One of the holy grails of vegan cooking will be a flawless fish sauce substitute. This isn’t it. What this is, is a simple to put together substitute that works well in most cases. I know, way to sell it! Fish sauce is a foundational ingredient in Southeast Asian cuisine, meaning that the cuisine itself has developed around that flavor profile. Imagine French cuisine without the onion, or Italian cuisine without the garlic. It would simply be a shadow of its former self, something always missing. So it is without fish sauce. Sure, you can substitute soy sauce and get that salty, umami boost, but soy lends a distinct flavor of its own (and for that matter it soy sauce is often used side by side with fish sauce, so it would be redundant to add more). Water just dilutes the flavors. I’ve tried black olive brine a few times, which actually works pretty well in small quantities (better in cooked dishes than in uncooked sauces). But in the end, all of these options fall short.
I came up with this option a little while ago and, in all honesty, I’m still trying it out in various settings. But, in the dishes that I’ve made with it, it has provided a nice bit of flavor complexity. Fish sauce adds moisture, salt, umami (savory flavor), flavor of the sea, a little color, and a special unique ‘X’ factor. This substitute hits most of those notes, but lacks that ‘X’ factor. It also seems to weaken in flavor when cooked, I problem I haven’t solved yet.

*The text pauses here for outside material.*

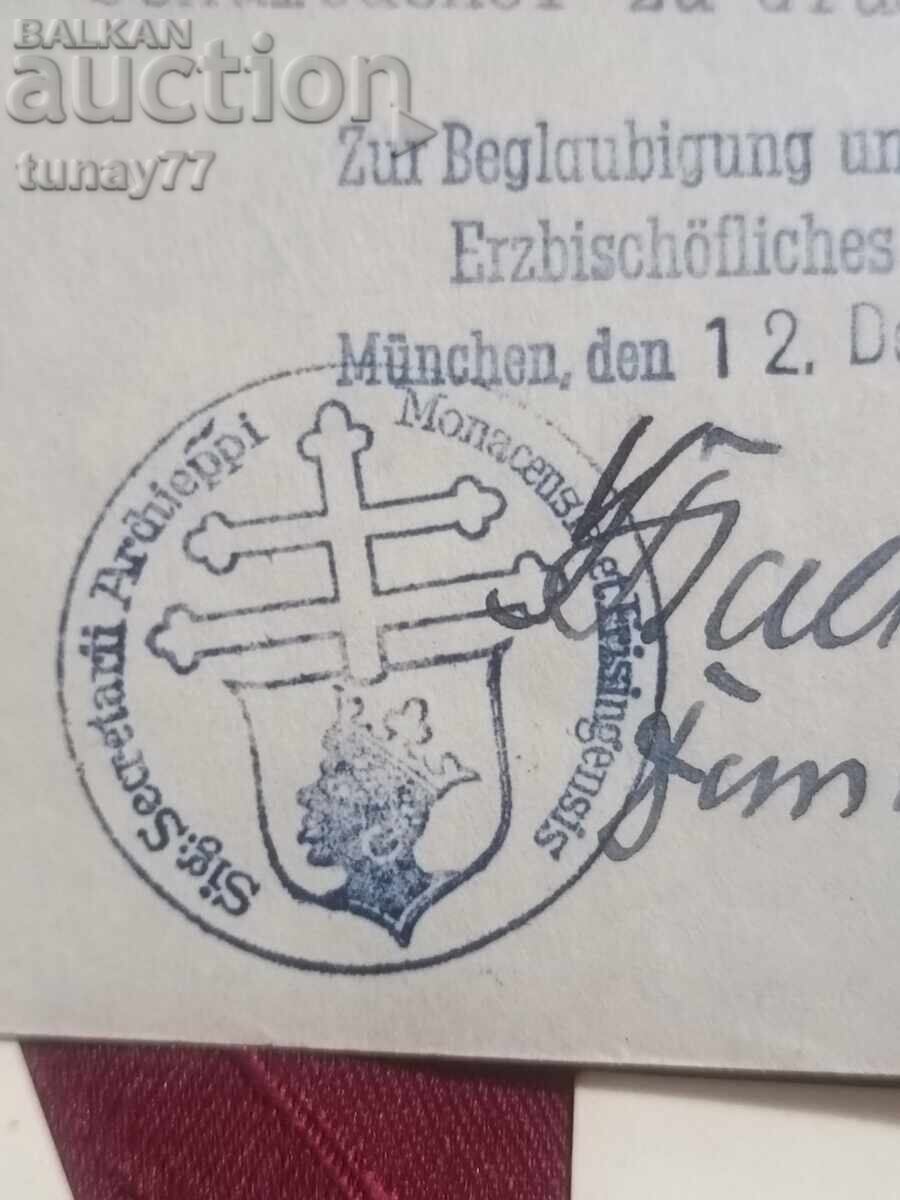 Livrarea Documente vintage Al Treilea Reich ștampile semnături 1944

So, it is what it is: a useful substitute that I find better than the usual alternatives. I strongly recommend that you give it a try. It only takes a couple of minutes to make and gets used in equal quantities in recipes. I’ll keep working in it and refining it, and as it gets better, I’ll post updates or even suggestions on how best to use it. Let me know what you think.
- 1 cup water
- 2 tablespoons soy sauce, tamari or coconut aminos
- 2 tablespoons dried wakame seaweed
- Combine everything in a small bowl and allow the wakame to steep
- After around 10 minutes a pronounced ‘sea’ flavor will be present.
- Remove the wakame, squeeze it dry, and reserve for another purpose, or just eat it!
- Use it as you would traditional fish sauce, in equal quantities.